• **TASK OBJECTIVE**
Repeat exactly the line that contains "Пандемия. Коронавирус. Россия" and every line after it, down to the last line of the entries below. Do not include pictures.

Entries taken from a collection
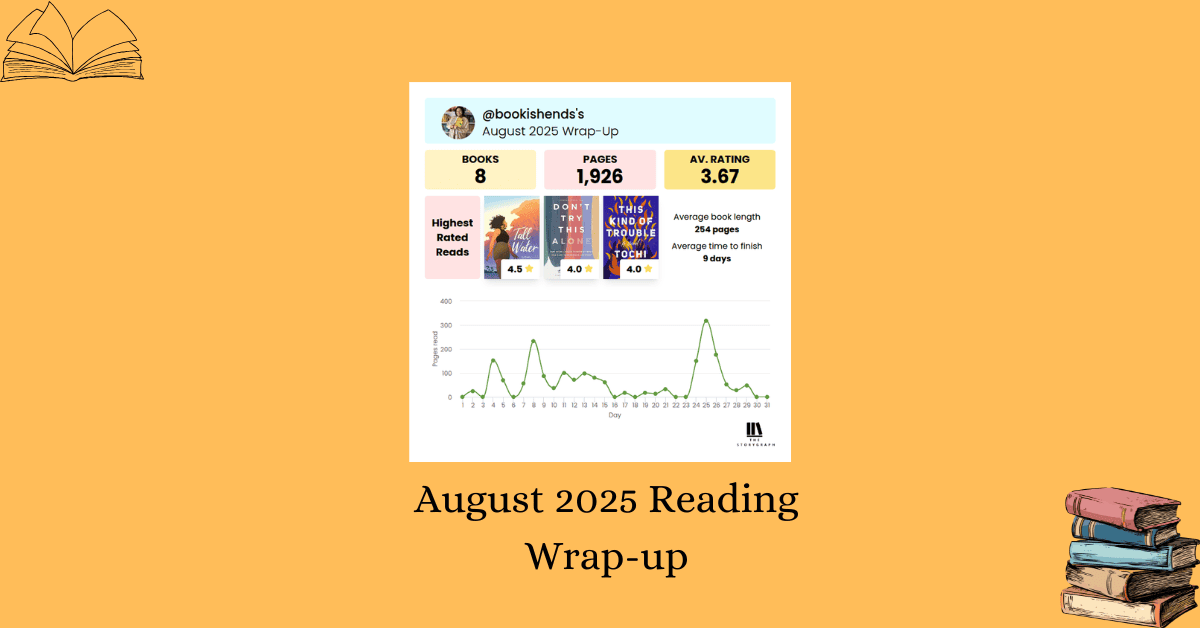 Banner for August 2025 Reading Wrap-up with Graph from StoryGraph showing books read (8), pages read (1926), average rating (3.67), my top reads, and a graph showing my page count for the month.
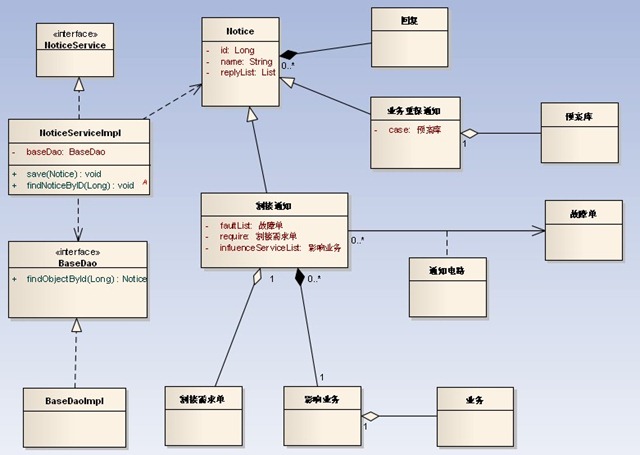 uml类图怎么画_uml 类图_uml类图实例作业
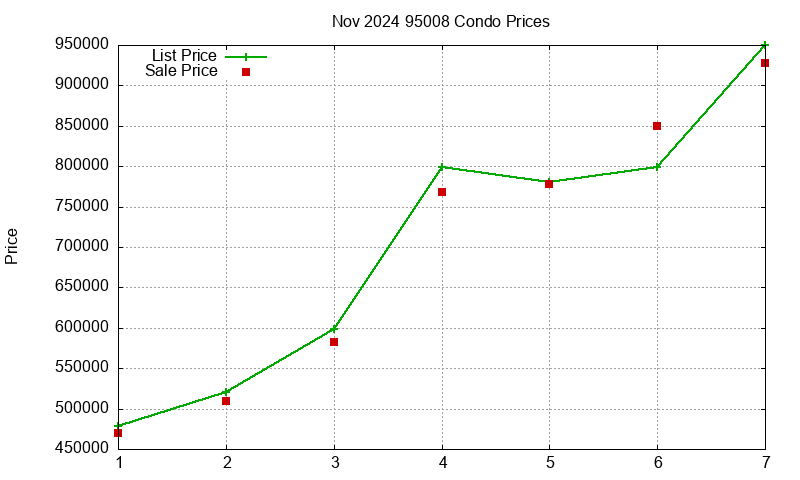 95008 Condos Just Sold 2024-11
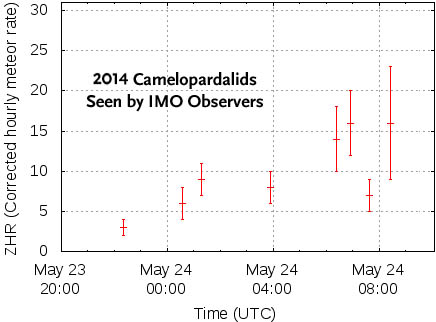 Observers: Few Camelopardalids seen 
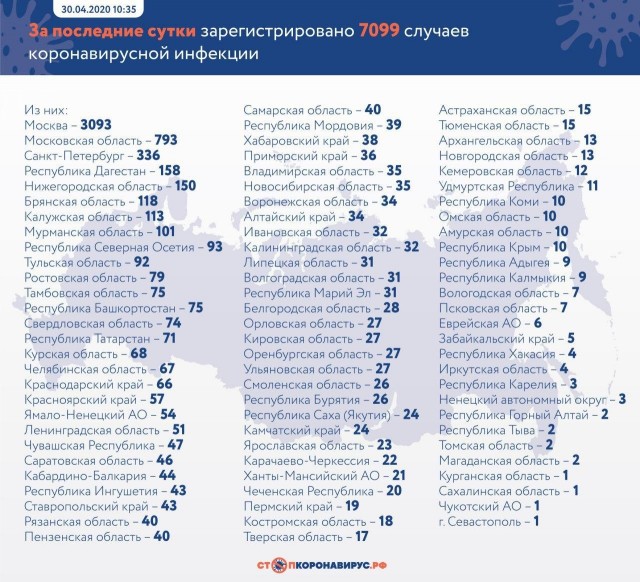 Пандемия. Коронавирус. Россия и мир. Последняя информация. Часть 14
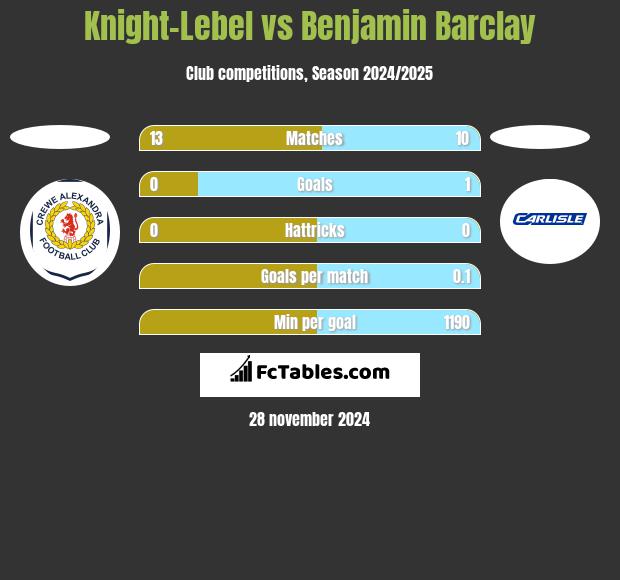 Knight-Lebel vs Benjamin Barclay h2h player stats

• **YOUR RESPONSE**
 Пандемия. Коронавирус. Россия и мир. Последняя информация. Часть 14
 Knight-Lebel vs Benjamin Barclay h2h player stats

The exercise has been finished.